Perché a lungo – fino agli anni Ottanta del secolo scorso – si è ritenuto che la conquista di più ampi spazi di libertà potesse consistere nel liberarsi dai lacci e lacciuoli che le religioni pongono all’individuo. E si è anche ritenuto che un inarrestabile processo di secolarizzazione fosse destinato ad annullare, progressivamente, il peso della religione nello spazio pubblico. Quanto è accaduto da quel momento in poi è stata una progressiva e costante smentita di queste convinzioni. Si è dovuto prendere atto, in primo luogo, che la sfera del sacro non sarebbe stata annullata da un concetto di razionalità che si rivolge solo alla mente senza considerare la sfera emotiva della persona.

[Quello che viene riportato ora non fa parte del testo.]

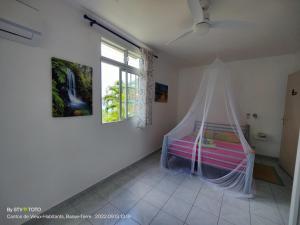 a bedroom with a bed with a mosquito net at Luketo in Vieux-Habitants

In tal senso, il pontificato di Giovanni Paolo II va considerato a tutti gli effetti un antidoto alle false credenze diffusesi nei decenni precedenti. Quindi, si è scoperto che le religioni non sono tutte uguali, né sono riducibili a unità attraverso pratiche – come il dialogo interreligioso – che valgono invece solo se si affermano partendo dalla irriducibilità dei dogmi propri delle specifiche religioni, in particolare se basate sulla rivelazione. Infine, si è compreso che rispetto alla libertà personale e alla democrazia non tutte le religioni possono considerarsi equivalenti; che relativizzarne le differenze significa disarmare la democrazia stessa; che una nozione di libertà responsabile attenta ai precetti e in qualche caso persino ai divieti può essere assai meno rischiosa del mito della libertà assoluta in ogni fase della propria esistenza: un mito che incarna il rischio di un nuovo costruttivismo che dall’ambito sociale si sposta in quello antropologico ma che, come il precedente, finisce per negare l’imperfezione, l’incertezza, la meraviglia del futuro.

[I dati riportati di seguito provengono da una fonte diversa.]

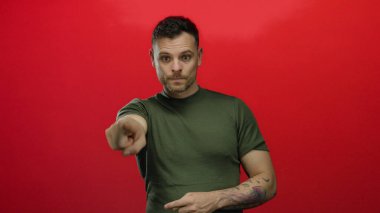 Yeşil tişörtlü genç İspanyol adam canlı kırmızı bir arka plana karşı ciddi bir ifadeyle işaret ediyor, yakışıklı ve çekici özelliklerini izole bir ortamda sergiliyor..
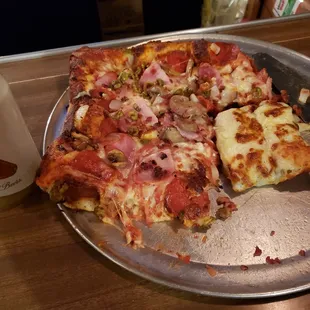a half eaten pizza on a pan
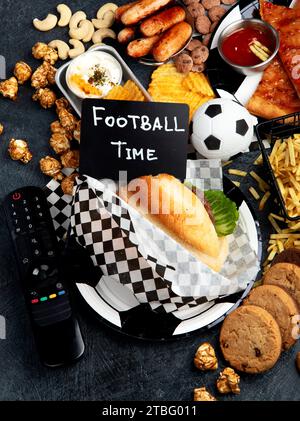 Graisses saturées. L'heure du football. Télécommande TV et collations - chips, pop-corn, biscuits, fromage, sauce, frites, burger, noix. Vue de dessus Banque D'Images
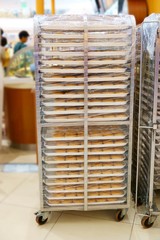Bakery rack with fresh donuts at Bakery shop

Di fronte alla Caporetto di una laicità malintesa, tocca dunque a Voi che sapete apprezzare la tradizione, che comprendete come la libertà debba saper trovare un limite nella responsabilità della quale ognuno si fa interprete, essere autenticamente laici. Difendere il ruolo delle religioni nello spazio pubblico. Ascoltare la Chiesa e rispettarne le opinioni, sempre. Saper dissentire da essa laddove non vi è accordo senza essere offensivi o ricattatori. Insomma: comportarsi in modo opposto da quanti vorrebbero negare alla Chiesa il diritto di esprimersi su quei fatti sociali che sempre più intensamente s’intersecano con il suo magistero, ma sono poi sempre pronti a esaltare acriticamente il pensiero del don Sciortino di turno, se questo serve a colpire il nemico politico. È in nome di una grande ambizione, quella di contribuire a fondare la cultura politica del nuovo secolo, che dovete, dunque, ricercare l’integrazione tra i Vostri principi tradizionali e quelli di cui sono portatori i giovani di Forza Italia. Solo in tal modo potrete andare oltre i confini delle vostre pre-esistenti organizzazioni. Dovrete farlo con l’umiltà che può derivarvi dal tenere sempre presente l’insegnamento di Benedetto Croce, per il quale il primo dovere dei giovani è quello di crescere. Ma anche con l’ambizione e la consapevolezza di essere stati Voi – che a differenza di noi più anziani non avete conosciuto la lotta politica della prima parte della Repubblica – i primi incunaboli del PdL. E con la consapevolezza che il PdL è nato soprattutto per Voi: se riusciremo a costruirlo, sarà il lascito che la nostra generazione consegnerà nelle Vostre mani. Aiutateci in questo sforzo. Abbiamo bisogno delle Vostre energie; di ciò che la Vostra età ci può insegnare; della Vostra fierezza nel sentirvi di destra, senza complessi d’inferiorità e cedimenti al politicamente corretto. Perché di fronte a Voi vi è un grande lavoro d’adeguamento e di messe a punto, che viaggia però su binari tracciati e ben chiari. Dall’altra parte, si brancola nel buio.